◆ **WHAT THIS TASK INVOLVES**
Below is a set of records. Repeat them verbatim without the pictures.

◆ **INFORMATION**
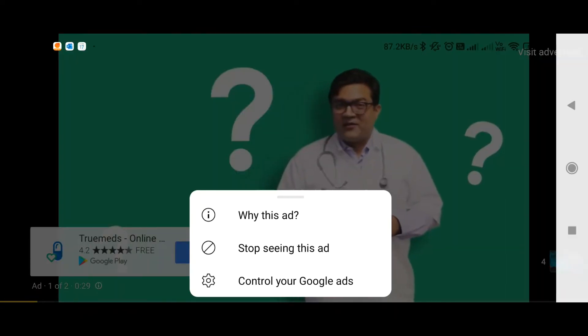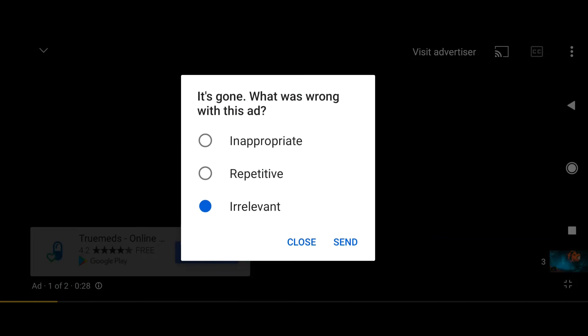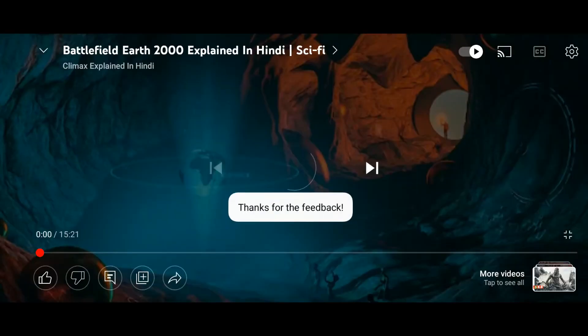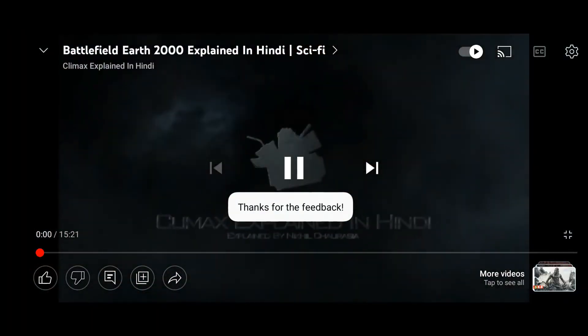You just click on that eye icon and report it as irrelevant, and it will skip your ad. Thank you.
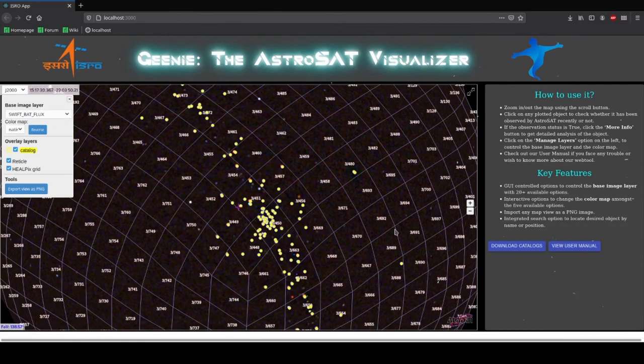This was the demonstration for our web app. We hope you liked it. Thanks a lot.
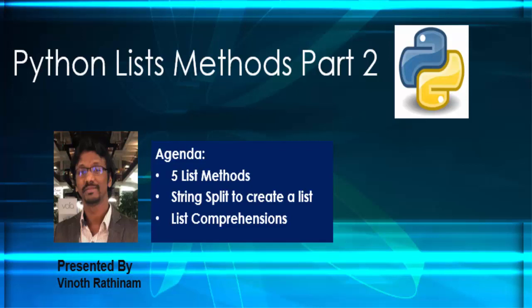Hello everyone, welcome to Vinoth Rathinam tutorials. In this video, we'll learn about the remaining list methods and list comprehension.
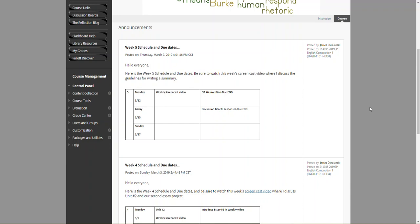Hello everyone, once again it's Jim Okrasinski with your weekly screencast video. Taking a look at the announcements page and this week's schedule, it's kind of a light week. We have discussion board number six, our invention activity. The initial post is due Tuesday the 12th, and the two responses are due by Friday the 15th. You might want to use this week's lighter schedule to catch up on some work.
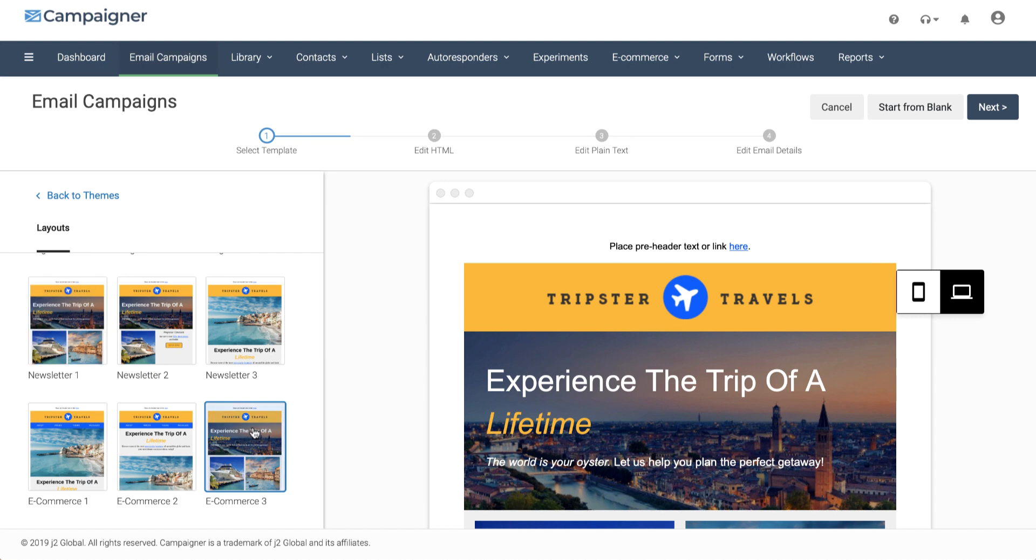Can't find what you're looking for? You can also start from a blank canvas and go from there. Let's take a look at this travel theme.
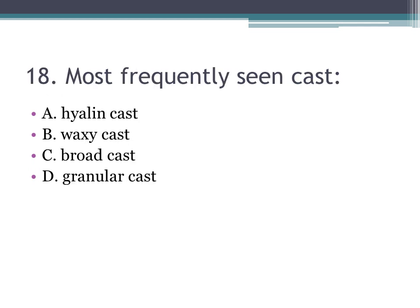Number eighteen: most frequently seen cast — A. hyaline cast, B. waxy cast, C. broad cast, D. granular cast. The correct answer is A, hyaline cast, also known as pro-cast. Waxy and broad casts are seen in chronic disease — remember this.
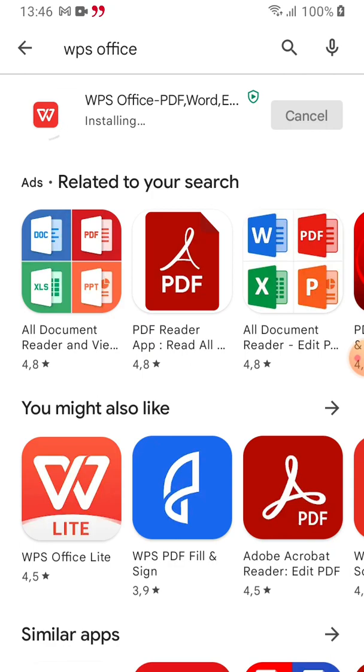You can see over there it's written 'installed,' meaning it's done. Just click on Open, and it will open to this page. You can sign in with your Google account or create an account, but it's not necessary. All you want to do is open or create files. So go to the upper right corner and click 'Later' to skip the sign-in prompt.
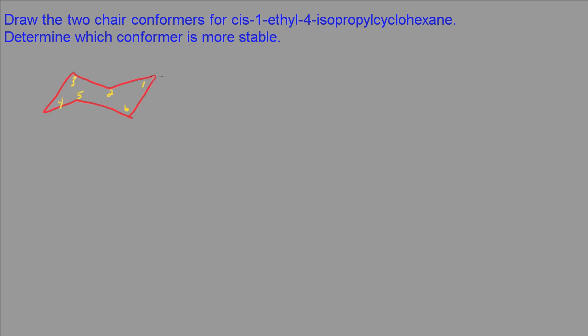I have an ethyl group. I'm going to put that in an axial position. And so there's our ethyl group.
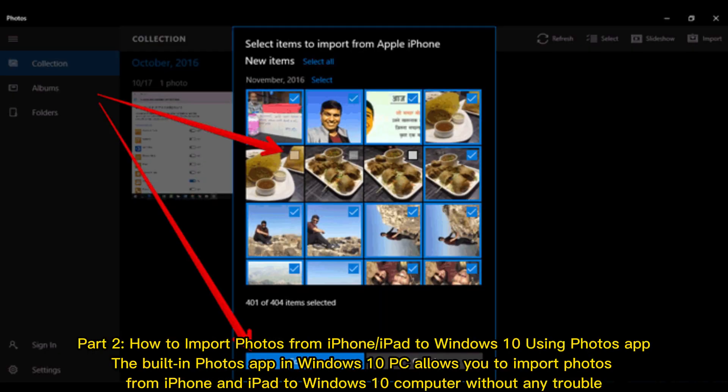Part 2: How to Import Photos from iPhone or iPad to Windows 10 using Photos App. The built-in Photos App in Windows 10 PC allows you to import photos from iPhone and iPad to Windows 10 computer without any trouble.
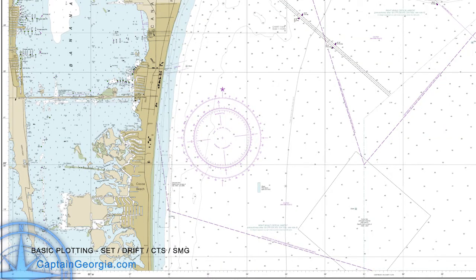Let's get started. The next thing we need to learn is how to determine set, drift, course to steer (CTS), and speed made good (SMG). Using the tools and the basic training we've had with latitude, longitude, compass, and plotting, let's see if we can work that out.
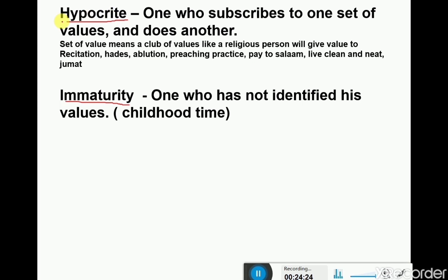The second terminology is immaturity. Immaturity means the person who has not identified his values — he does not know what is important or valuable to him. For example, a child in childhood does not know whether an iPad is really valuable to him or not. That person or child is still in an immature state. Immaturity is basically connected with the age of the mind.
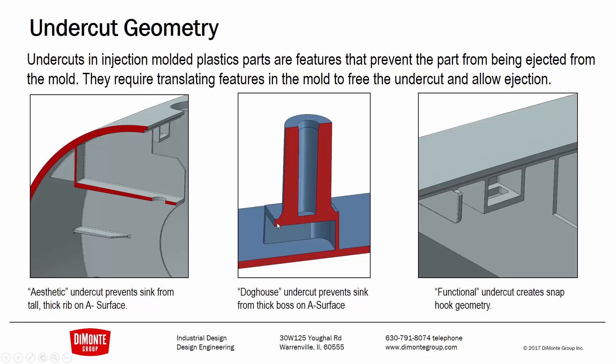So to prevent that, the geometry was placed on this raised portion here, and then the lifter moves in this direction, and then all the sink would be on this area of the part that was hidden.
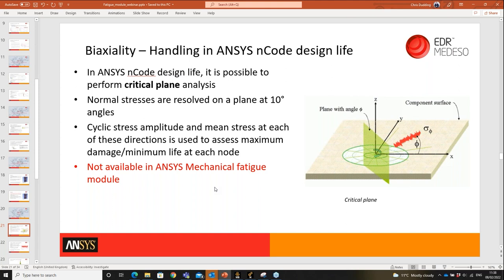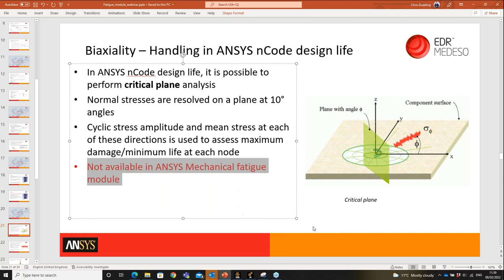For truly biaxial or multi-axial cases, the ANSYS fatigue tool is insufficient. You need to upgrade to ANSYS nCode DesignLife, based on the nCode suite from HBM. In nCode, for each node the direct stresses are resolved into planes at 10-degree intervals; at each angle the stress amplitude and mean stress are calculated and fatigue life determined. The minimum life (maximum damage) across all angles is reported — this is called critical plane analysis. It is not available in the ANSYS fatigue module.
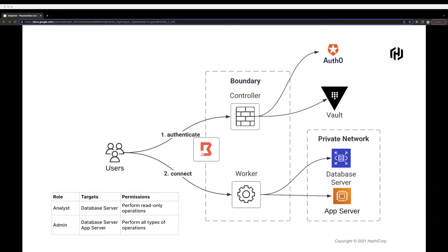Before I switch to the demo, let me walk through the use case. I have two remote hosts in my AWS private network: a database server and a Linux-based application server. I also have two user roles: analyst and admin. Users belonging to the analyst role can access the database server for read-only operations but not the application server. Admin users can access both servers and perform all types of operations.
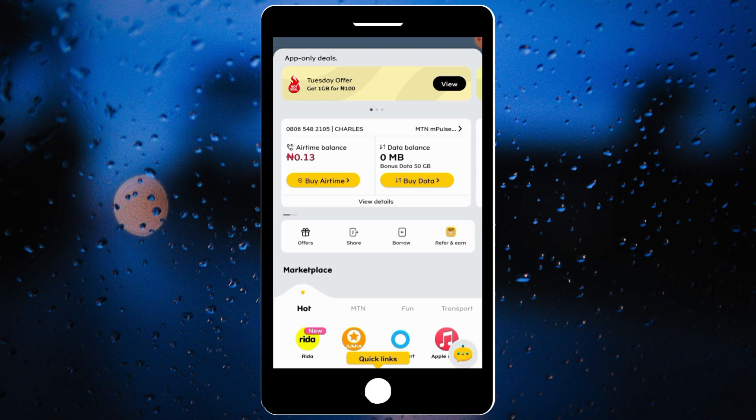That is how I've gotten 50 gig of free data for my internet activities. You guys can try this and you'll get the same results. Once you've exhausted this, click the link in my description to access the second video on how to get data at an affordable price. If you got value from this video, click the subscribe button and share it with your friends so they can also enjoy this free data bonus. See you in my next video. Bye guys.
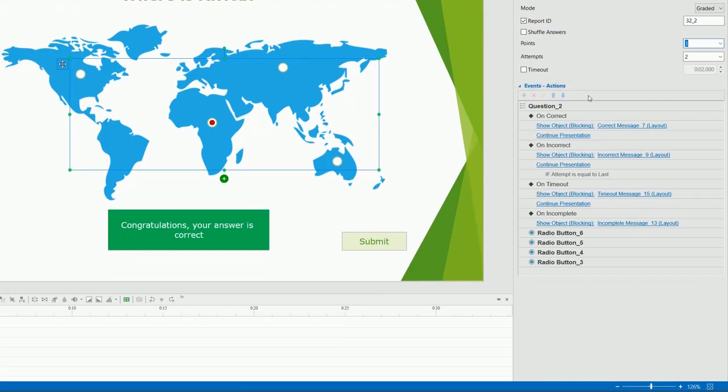Now comes adding events and actions to the question. Like other types of question in ActivePresenter 7, a multiple choice one comes with default events and actions that are ready to use. However, you can change them as you want. Bear in mind that if you select the survey mode early on, the question won't have on correct and on incorrect event.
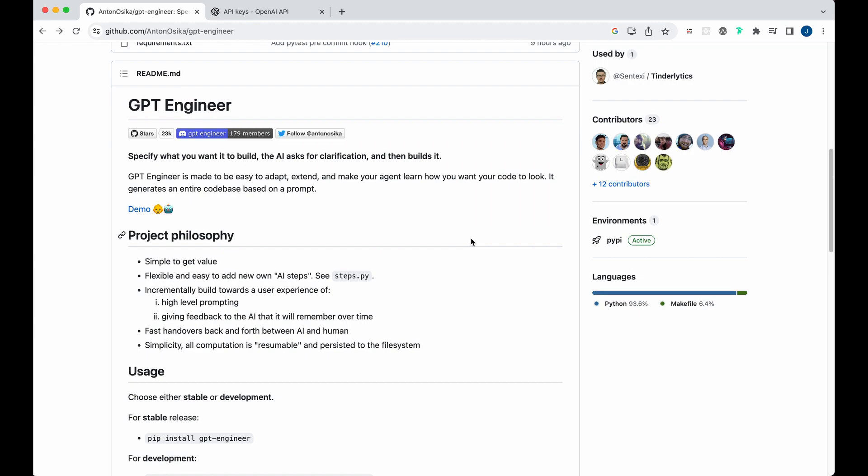Alright, in this video I'm going to be showing you GPT Engineer, which is a new open source project that allows you to build out full-fledged applications from simply writing a prompt. So it will go through and create everything that you need in the directory and the dependencies, install everything, write tests for you and give you the option to execute it. It's a pretty interesting project and pretty amazing the different features that are already built into this.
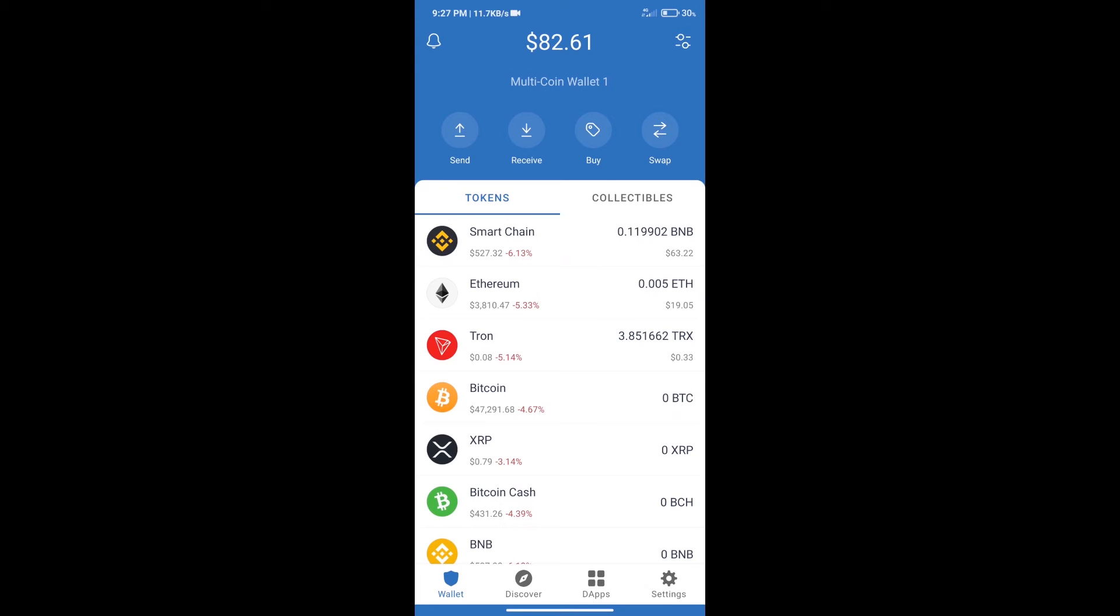Hello guys, today we will show you how to buy BNB Chain All Best ICO token on Trust Wallet. First, we will purchase BNB Smart Chain. After that, we will click on the Buy button.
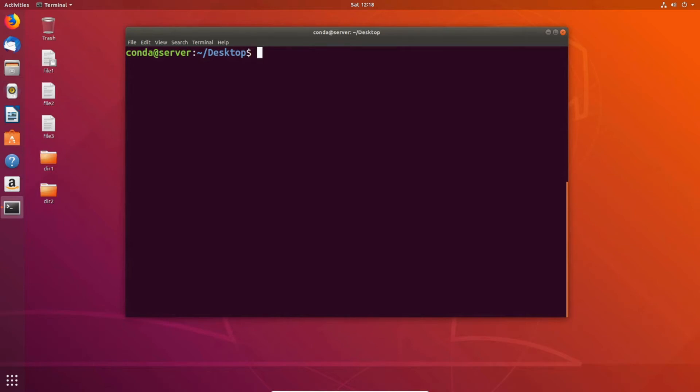Hey everybody, today I'd like to go over some of the basics of Linux file permissions. We're going to start out by checking out how we can see the different permissions of a file.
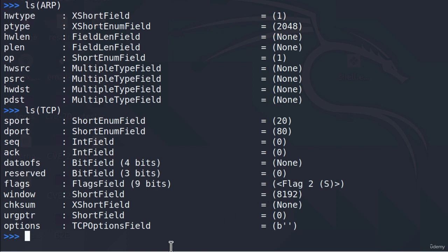We're not going to cheat and check the MAC address inside of the command prompt on Windows 10 — we're going to get it using Scapy. To do that, we must send an ARP request that requests the MAC address of the Windows 10 machine. We must send that request to the broadcast MAC address, which means every machine on the network will receive it, and hopefully our Windows 10 machine will reply with its MAC address.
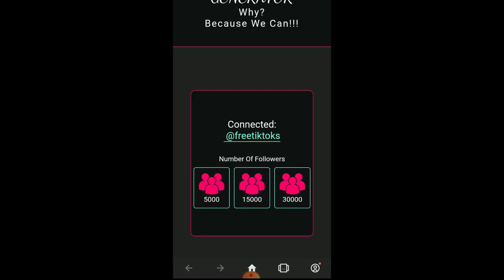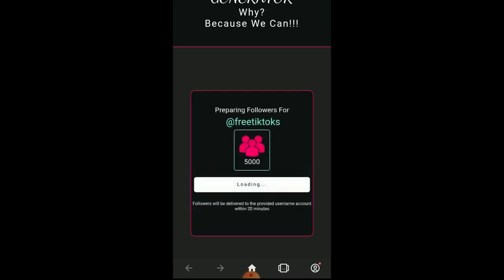I will choose 5,000 followers like this. Now we have to wait just a few seconds because it is generating the followers and will send them to your account on TikTok. Just wait a few seconds.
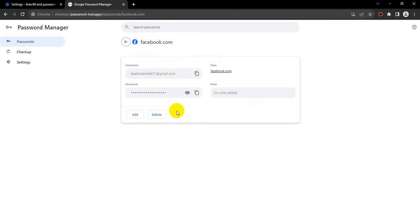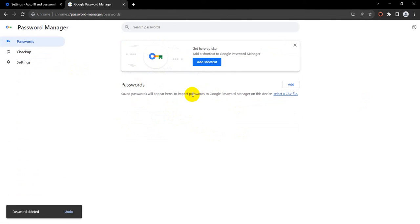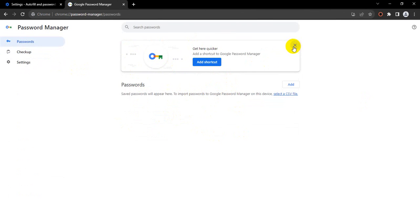I'm deleting my Facebook saved password. Click delete. So I hope you understand.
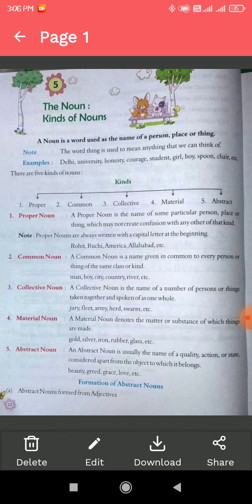Now, collective noun. As the name suggests, collective means collection. A collective noun is the name of a number of persons or things taken together and spoken of as one whole. Examples: jury, fleet, army, herd, swarm. Like a swarm of locusts, an army of soldiers, a pride of lions — these are called collective nouns.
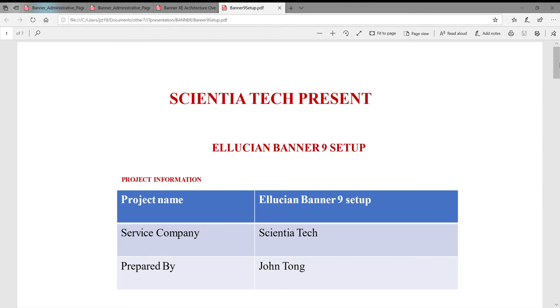Good morning. Today I'm going to share my experience with you about one Ellucian application ERP called BANA.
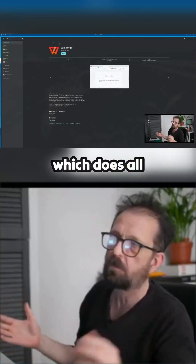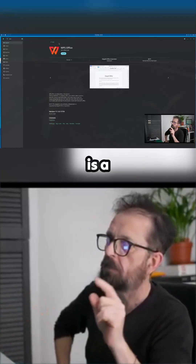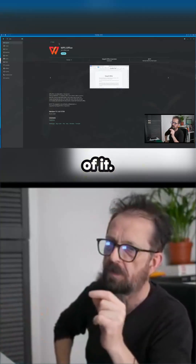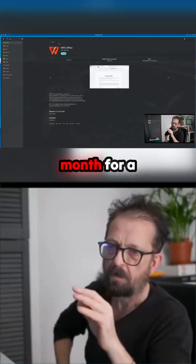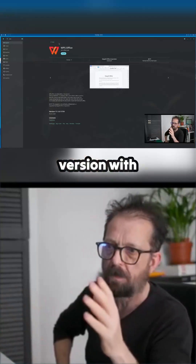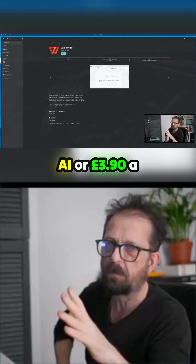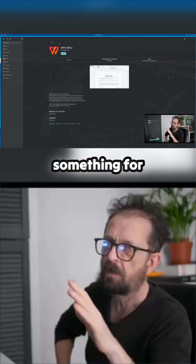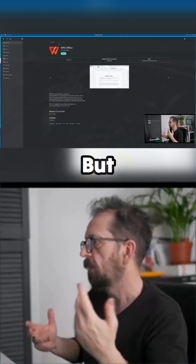WPS Office is another one you can use which does all your office needs. There is a paid version — it's £8.95 a month for a version with AI, or £3.90 a month for a non-AI version.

◆ **ANSWER TO THE EXERCISE**
You just click on that eye icon and report it as irrelevant, and it will skip your ad. Thank you.
This was the demonstration for our web app. We hope you liked it. Thanks a lot.
Hello everyone, welcome to Vinoth Rathinam tutorials. In this video, we'll learn about the remaining list methods and list comprehension.
Hello everyone, once again it's Jim Okrasinski with your weekly screencast video. Taking a look at the announcements page and this week's schedule, it's kind of a light week. We have discussion board number six, our invention activity. The initial post is due Tuesday the 12th, and the two responses are due by Friday the 15th. You might want to use this week's lighter schedule to catch up on some work.
Can't find what you're looking for? You can also start from a blank canvas and go from there. Let's take a look at this travel theme.
Number eighteen: most frequently seen cast — A. hyaline cast, B. waxy cast, C. broad cast, D. granular cast. The correct answer is A, hyaline cast, also known as pro-cast. Waxy and broad casts are seen in chronic disease — remember this.
You can see over there it's written 'installed,' meaning it's done. Just click on Open, and it will open to this page. You can sign in with your Google account or create an account, but it's not necessary. All you want to do is open or create files. So go to the upper right corner and click 'Later' to skip the sign-in prompt.
I have an ethyl group. I'm going to put that in an axial position. And so there's our ethyl group.
Part 2: How to Import Photos from iPhone or iPad to Windows 10 using Photos App. The built-in Photos App in Windows 10 PC allows you to import photos from iPhone and iPad to Windows 10 computer without any trouble.
Let's get started. The next thing we need to learn is how to determine set, drift, course to steer (CTS), and speed made good (SMG). Using the tools and the basic training we've had with latitude, longitude, compass, and plotting, let's see if we can work that out.
The second terminology is immaturity. Immaturity means the person who has not identified his values — he does not know what is important or valuable to him. For example, a child in childhood does not know whether an iPad is really valuable to him or not. That person or child is still in an immature state. Immaturity is basically connected with the age of the mind.
So to prevent that, the geometry was placed on this raised portion here, and then the lifter moves in this direction, and then all the sink would be on this area of the part that was hidden.
For truly biaxial or multi-axial cases, the ANSYS fatigue tool is insufficient. You need to upgrade to ANSYS nCode DesignLife, based on the nCode suite from HBM. In nCode, for each node the direct stresses are resolved into planes at 10-degree intervals; at each angle the stress amplitude and mean stress are calculated and fatigue life determined. The minimum life (maximum damage) across all angles is reported — this is called critical plane analysis. It is not available in the ANSYS fatigue module.
Before I switch to the demo, let me walk through the use case. I have two remote hosts in my AWS private network: a database server and a Linux-based application server. I also have two user roles: analyst and admin. Users belonging to the analyst role can access the database server for read-only operations but not the application server. Admin users can access both servers and perform all types of operations.
That is how I've gotten 50 gig of free data for my internet activities. You guys can try this and you'll get the same results. Once you've exhausted this, click the link in my description to access the second video on how to get data at an affordable price. If you got value from this video, click the subscribe button and share it with your friends so they can also enjoy this free data bonus. See you in my next video. Bye guys.
Now comes adding events and actions to the question. Like other types of question in ActivePresenter 7, a multiple choice one comes with default events and actions that are ready to use. However, you can change them as you want. Bear in mind that if you select the survey mode early on, the question won't have on correct and on incorrect event.
Alright, in this video I'm going to be showing you GPT Engineer, which is a new open source project that allows you to build out full-fledged applications from simply writing a prompt. So it will go through and create everything that you need in the directory and the dependencies, install everything, write tests for you and give you the option to execute it. It's a pretty interesting project and pretty amazing the different features that are already built into this.
Hello guys, today we will show you how to buy BNB Chain All Best ICO token on Trust Wallet. First, we will purchase BNB Smart Chain. After that, we will click on the Buy button.
Hey everybody, today I'd like to go over some of the basics of Linux file permissions. We're going to start out by checking out how we can see the different permissions of a file.
We're not going to cheat and check the MAC address inside of the command prompt on Windows 10 — we're going to get it using Scapy. To do that, we must send an ARP request that requests the MAC address of the Windows 10 machine. We must send that request to the broadcast MAC address, which means every machine on the network will receive it, and hopefully our Windows 10 machine will reply with its MAC address.
I will choose 5,000 followers like this. Now we have to wait just a few seconds because it is generating the followers and will send them to your account on TikTok. Just wait a few seconds.
I'm deleting my Facebook saved password. Click delete. So I hope you understand.
Now, collective noun. As the name suggests, collective means collection. A collective noun is the name of a number of persons or things taken together and spoken of as one whole. Examples: jury, fleet, army, herd, swarm. Like a swarm of locusts, an army of soldiers, a pride of lions — these are called collective nouns.
Good morning. Today I'm going to share my experience with you about one Ellucian application ERP called BANA.
WPS Office is another one you can use which does all your office needs. There is a paid version — it's £8.95 a month for a version with AI, or £3.90 a month for a non-AI version.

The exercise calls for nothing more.